- Born: Susan Laurie Kamil September 16, 1949 New York City, U.S.
- Died: September 8, 2019 (aged 69) New York City, U.S.
- Education: Vassar College George Washington University
- Occupations: Book editor and publisher
- Employer(s): Simon & Schuster (1979–1987) Random House (1987–2019)
- Spouse: Bob Kohn ​(m. 2011)​

= Susan Kamil =

American book publisher (1949–2019)

Susan Laurie Kamil (September 16, 1949 – September 8, 2019) was the publisher (as of 2018) as well as editor-in-chief of the Random House Publishing Group.

==Career==
Susan Kamil was born in Manhattan, where she attended the High School of Music & Art. After graduating from George Washington University, she began her publishing career at Simon & Schuster in 1979. Kamil was a subsidiary rights director and then became a senior editor at Simon & Schuster working under Joni Evans. Evans was married to Dick Snyder, then CEO of Simon & Schuster. When Evans divorced Snyder in 1987 in a very public divorce, Evans moved over to Random House as Publisher, taking Kamil with her. Kamil said that Dick Snyder, CEO of Simon & Schuster "taught me everything--not just business lessons, life lessons--and I'll always be grateful to him."

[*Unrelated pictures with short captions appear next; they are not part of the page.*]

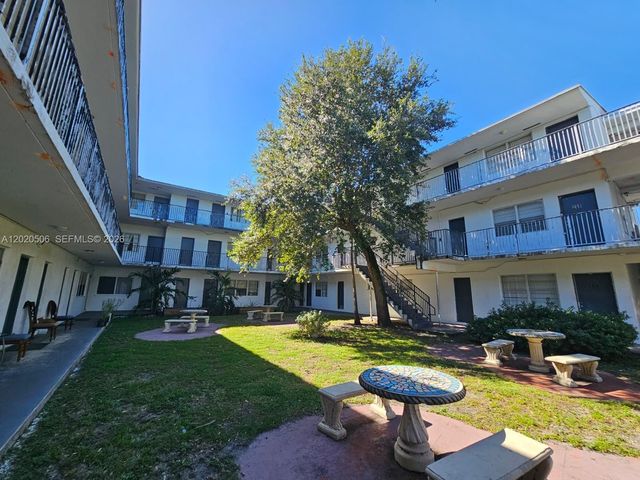13700 NE 6th Ave 106, North Miami, FL 33161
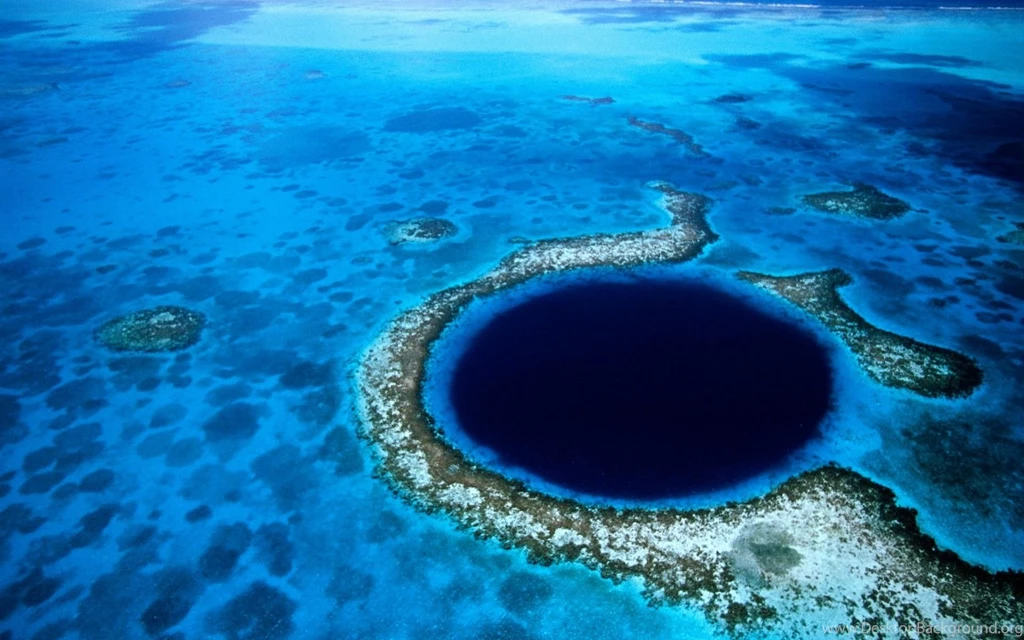 Blue Hole Belize Wallpaper.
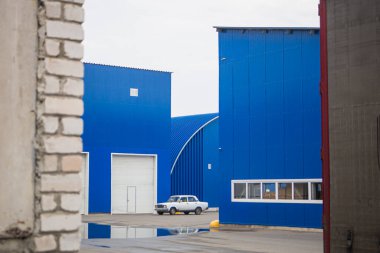 Depo hangarları dışarıdan görünüyor.,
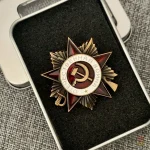 Pins Communiste Spatiale Bicolore - vue 6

At Random House, Kamil was executive editor at "Little Random" under Joni Evans. Both women later formed the imprint Turtle Bay books at "Big" Random House in 1991. Early titles from Turtle Bay focused on celebrity memoirs that had ultimately disappointing sales including Michael Caine's, What's It About?, Joan Rivers's Still Talking, and Brandon Tartikoff's The Last Great Ride. An exposé in New York magazine said that the fate of Turtle Bay Books was sealed by the infamous "Hair Piece." The New York Times ran a photo in the Business section featuring "a huge photograph of Evans and her glamorous gang of four looked like a fashion shoot." The title of the article was Random House's Glitzy New Imprint and Susan Kamil was in the photo. In the article, Joni Evans was quoted as saying, "What we normally talk about at these meetings is our hair." New York Magazine went on to report that "Jimmy Breslin told a friend of Evans's that she had the best-looking 'house' he'd ever seen. The Post's 'Page 6' christened the venture the Brownstone o' Babes. 'They looked like Charlie's Angels,' says one editor. 'Suddenly the whole thing seemed like a joke, and I don't know if they ever overcame it.'" Kamil and other women in the photo certainly did overcome it—Kamil becoming CEO of Random House, Julie Grau founding the imprint Spiegel and Grau, and Karen Rinaldi as Senior Vice-President at Harper Wave.

The Turtle Bay imprint was shuttered in 1993 after only two years and Kamil moved over to Bantam Doubleday Dell. It was there that she revived Dial Press as an imprint. The original Dial Press had been closed in 1985.

In 2008 she was named the editorial director for Dial Press and the editor-in-chief for the Random House Publishing Group or "Little Random." Kamil was promoted to Publisher for both Dial and Random House Publishing Group in 2010.

Kamil edited many notable books and authors including The Guernsey Literary and Potato Peel Society by Mary Ann Shaffer and Annie Barrows, The Imperfectionists by Tom Rachman, Major Pettigrew's Last Stand by Helen Simonson, and Sophie Kinsella's Shopaholic series. Other notable authors she worked with include Allegra Goodman, Elizabeth McCracken and Franz Lidz, whose childhood memoir Unstrung Heroes was the first book she purchased at Simon & Schuster. She died from complications of lung cancer in Manhattan on September 8, 2019, aged 69.